SOURCE RECORDS Block Start

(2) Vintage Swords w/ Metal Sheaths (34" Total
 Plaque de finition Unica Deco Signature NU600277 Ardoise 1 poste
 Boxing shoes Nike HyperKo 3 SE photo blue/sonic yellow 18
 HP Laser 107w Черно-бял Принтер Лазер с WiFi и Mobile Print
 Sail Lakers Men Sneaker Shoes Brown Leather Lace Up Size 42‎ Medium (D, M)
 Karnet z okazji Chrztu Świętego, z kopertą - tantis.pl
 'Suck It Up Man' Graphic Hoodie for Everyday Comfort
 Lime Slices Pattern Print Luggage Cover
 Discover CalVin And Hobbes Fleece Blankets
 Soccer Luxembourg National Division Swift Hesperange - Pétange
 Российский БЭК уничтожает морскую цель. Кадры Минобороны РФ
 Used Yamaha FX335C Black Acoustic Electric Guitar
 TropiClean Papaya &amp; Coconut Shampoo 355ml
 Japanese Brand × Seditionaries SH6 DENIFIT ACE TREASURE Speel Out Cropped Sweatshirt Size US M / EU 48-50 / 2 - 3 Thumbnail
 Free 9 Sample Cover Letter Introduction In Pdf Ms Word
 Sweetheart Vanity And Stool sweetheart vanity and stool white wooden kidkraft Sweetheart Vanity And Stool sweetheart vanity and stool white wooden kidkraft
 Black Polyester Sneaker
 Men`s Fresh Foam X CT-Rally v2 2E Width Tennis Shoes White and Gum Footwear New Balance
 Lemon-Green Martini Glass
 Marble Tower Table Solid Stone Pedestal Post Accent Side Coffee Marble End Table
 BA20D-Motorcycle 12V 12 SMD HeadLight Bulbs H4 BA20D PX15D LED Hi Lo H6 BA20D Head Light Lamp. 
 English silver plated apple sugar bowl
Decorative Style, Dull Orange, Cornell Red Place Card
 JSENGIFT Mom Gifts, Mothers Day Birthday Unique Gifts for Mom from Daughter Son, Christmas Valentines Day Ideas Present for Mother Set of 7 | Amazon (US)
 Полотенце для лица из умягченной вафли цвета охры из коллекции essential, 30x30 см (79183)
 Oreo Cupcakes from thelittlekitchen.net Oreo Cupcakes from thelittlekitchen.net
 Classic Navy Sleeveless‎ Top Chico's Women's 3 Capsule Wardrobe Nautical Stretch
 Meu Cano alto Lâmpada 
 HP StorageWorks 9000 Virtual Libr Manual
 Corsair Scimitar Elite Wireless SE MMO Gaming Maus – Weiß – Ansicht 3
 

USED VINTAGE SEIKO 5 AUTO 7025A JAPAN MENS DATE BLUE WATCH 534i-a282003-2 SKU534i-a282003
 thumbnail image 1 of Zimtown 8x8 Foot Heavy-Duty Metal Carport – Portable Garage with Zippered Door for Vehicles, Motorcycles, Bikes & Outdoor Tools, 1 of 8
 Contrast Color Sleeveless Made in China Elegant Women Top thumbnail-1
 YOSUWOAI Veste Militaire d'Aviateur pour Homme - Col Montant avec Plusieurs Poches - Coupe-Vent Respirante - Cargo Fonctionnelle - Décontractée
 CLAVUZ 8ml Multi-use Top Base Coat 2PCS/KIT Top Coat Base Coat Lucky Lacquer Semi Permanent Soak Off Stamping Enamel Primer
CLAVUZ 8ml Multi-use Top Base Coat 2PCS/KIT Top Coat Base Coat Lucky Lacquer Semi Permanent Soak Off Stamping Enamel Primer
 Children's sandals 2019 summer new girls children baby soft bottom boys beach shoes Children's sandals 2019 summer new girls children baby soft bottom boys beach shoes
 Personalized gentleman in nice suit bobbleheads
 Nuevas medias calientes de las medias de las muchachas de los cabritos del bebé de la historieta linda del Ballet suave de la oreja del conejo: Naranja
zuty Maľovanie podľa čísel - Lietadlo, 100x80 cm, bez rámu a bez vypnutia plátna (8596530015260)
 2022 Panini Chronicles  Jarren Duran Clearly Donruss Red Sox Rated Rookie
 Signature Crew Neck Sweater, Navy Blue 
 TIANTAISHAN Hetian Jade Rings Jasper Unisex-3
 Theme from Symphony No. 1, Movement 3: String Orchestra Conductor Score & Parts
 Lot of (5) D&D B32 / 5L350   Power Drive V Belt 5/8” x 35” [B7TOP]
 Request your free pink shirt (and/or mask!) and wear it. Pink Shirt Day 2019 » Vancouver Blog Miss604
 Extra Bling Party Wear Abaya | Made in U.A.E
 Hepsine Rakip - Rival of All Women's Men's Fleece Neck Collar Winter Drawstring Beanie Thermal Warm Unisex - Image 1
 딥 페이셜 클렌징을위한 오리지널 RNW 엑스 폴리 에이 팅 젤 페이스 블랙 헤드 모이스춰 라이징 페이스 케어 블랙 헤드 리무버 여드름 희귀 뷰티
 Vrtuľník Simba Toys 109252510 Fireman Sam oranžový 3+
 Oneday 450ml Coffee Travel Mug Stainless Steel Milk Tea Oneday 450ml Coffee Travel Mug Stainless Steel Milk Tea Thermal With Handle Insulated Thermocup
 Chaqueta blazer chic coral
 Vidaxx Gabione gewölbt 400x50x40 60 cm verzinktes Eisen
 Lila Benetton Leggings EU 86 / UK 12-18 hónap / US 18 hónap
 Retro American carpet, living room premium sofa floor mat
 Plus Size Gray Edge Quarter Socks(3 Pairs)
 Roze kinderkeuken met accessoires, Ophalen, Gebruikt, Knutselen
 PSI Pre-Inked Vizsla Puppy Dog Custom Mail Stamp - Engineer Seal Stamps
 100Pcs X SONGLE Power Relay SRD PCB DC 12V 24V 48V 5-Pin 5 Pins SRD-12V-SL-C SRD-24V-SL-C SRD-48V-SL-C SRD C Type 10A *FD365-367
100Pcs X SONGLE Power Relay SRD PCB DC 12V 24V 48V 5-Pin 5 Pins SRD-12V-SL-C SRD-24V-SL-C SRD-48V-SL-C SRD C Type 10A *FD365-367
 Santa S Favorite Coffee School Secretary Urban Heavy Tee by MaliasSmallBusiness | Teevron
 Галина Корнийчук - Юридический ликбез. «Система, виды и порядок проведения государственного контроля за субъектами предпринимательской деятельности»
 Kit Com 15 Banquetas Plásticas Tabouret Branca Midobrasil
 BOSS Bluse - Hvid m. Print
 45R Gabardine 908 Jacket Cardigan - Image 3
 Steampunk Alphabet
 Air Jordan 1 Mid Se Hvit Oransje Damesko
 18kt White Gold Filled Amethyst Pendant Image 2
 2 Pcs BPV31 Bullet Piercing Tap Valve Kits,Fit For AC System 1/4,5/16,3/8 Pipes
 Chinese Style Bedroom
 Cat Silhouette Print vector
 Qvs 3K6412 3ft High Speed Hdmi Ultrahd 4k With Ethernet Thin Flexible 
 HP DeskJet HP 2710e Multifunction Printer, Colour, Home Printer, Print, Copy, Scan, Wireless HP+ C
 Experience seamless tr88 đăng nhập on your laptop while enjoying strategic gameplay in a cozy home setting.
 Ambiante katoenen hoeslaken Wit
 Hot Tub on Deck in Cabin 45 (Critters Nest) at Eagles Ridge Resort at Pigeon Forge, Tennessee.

SOURCE RECORDS Block End

Print, from the entries above, the line with "BOSS Bluse - Hvid m. Print", the line with "2 Pcs BPV31" and all lines between them, exactly and with nothing else.

RESPONSE TO THIS EXERCISE –
 BOSS Bluse - Hvid m. Print
 45R Gabardine 908 Jacket Cardigan - Image 3
 Steampunk Alphabet
 Air Jordan 1 Mid Se Hvit Oransje Damesko
 18kt White Gold Filled Amethyst Pendant Image 2
 2 Pcs BPV31 Bullet Piercing Tap Valve Kits,Fit For AC System 1/4,5/16,3/8 Pipes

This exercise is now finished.